Brief: Write out exactly the lines of the entries below, from the first through the line containing "Wacey Finkbeiner 80.5", and nothing beyond them.
━━━ Records for this task
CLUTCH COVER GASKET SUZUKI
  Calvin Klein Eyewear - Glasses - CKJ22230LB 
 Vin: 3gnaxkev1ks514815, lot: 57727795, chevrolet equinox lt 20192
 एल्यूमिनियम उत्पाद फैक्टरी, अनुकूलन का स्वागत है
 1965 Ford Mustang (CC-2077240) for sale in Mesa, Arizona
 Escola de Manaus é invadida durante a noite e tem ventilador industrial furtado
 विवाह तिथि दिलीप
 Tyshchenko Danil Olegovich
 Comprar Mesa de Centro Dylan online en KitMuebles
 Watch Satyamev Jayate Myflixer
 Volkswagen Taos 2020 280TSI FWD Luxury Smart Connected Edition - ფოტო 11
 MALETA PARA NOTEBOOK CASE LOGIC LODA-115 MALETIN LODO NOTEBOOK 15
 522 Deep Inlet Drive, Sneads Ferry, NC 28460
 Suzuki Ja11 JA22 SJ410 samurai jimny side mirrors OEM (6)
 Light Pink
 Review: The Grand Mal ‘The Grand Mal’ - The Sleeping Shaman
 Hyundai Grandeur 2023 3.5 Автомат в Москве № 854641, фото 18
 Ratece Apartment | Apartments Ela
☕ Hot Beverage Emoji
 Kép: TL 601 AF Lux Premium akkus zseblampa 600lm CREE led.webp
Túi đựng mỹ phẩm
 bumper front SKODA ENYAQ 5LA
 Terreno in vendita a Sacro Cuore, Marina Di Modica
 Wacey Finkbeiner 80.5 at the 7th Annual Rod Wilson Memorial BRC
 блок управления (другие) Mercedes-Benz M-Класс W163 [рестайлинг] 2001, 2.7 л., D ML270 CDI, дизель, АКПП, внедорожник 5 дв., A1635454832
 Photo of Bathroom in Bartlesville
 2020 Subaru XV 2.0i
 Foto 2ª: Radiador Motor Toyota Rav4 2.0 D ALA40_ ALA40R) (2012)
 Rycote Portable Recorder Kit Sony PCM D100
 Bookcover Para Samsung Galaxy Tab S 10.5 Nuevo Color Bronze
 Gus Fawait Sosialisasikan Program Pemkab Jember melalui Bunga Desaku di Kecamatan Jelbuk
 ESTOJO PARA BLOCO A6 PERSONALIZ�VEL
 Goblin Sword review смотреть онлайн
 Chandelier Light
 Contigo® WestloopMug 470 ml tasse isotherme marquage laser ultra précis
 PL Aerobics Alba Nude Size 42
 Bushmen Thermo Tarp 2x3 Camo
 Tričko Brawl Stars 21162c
━━━━━━
Worked solution:
CLUTCH COVER GASKET SUZUKI
  Calvin Klein Eyewear - Glasses - CKJ22230LB 
 Vin: 3gnaxkev1ks514815, lot: 57727795, chevrolet equinox lt 20192
 एल्यूमिनियम उत्पाद फैक्टरी, अनुकूलन का स्वागत है
 1965 Ford Mustang (CC-2077240) for sale in Mesa, Arizona
 Escola de Manaus é invadida durante a noite e tem ventilador industrial furtado
 विवाह तिथि दिलीप
 Tyshchenko Danil Olegovich
 Comprar Mesa de Centro Dylan online en KitMuebles
 Watch Satyamev Jayate Myflixer
 Volkswagen Taos 2020 280TSI FWD Luxury Smart Connected Edition - ფოტო 11
 MALETA PARA NOTEBOOK CASE LOGIC LODA-115 MALETIN LODO NOTEBOOK 15
 522 Deep Inlet Drive, Sneads Ferry, NC 28460
 Suzuki Ja11 JA22 SJ410 samurai jimny side mirrors OEM (6)
 Light Pink
 Review: The Grand Mal ‘The Grand Mal’ - The Sleeping Shaman
 Hyundai Grandeur 2023 3.5 Автомат в Москве № 854641, фото 18
 Ratece Apartment | Apartments Ela
☕ Hot Beverage Emoji
 Kép: TL 601 AF Lux Premium akkus zseblampa 600lm CREE led.webp
Túi đựng mỹ phẩm
 bumper front SKODA ENYAQ 5LA
 Terreno in vendita a Sacro Cuore, Marina Di Modica
 Wacey Finkbeiner 80.5 at the 7th Annual Rod Wilson Memorial BRC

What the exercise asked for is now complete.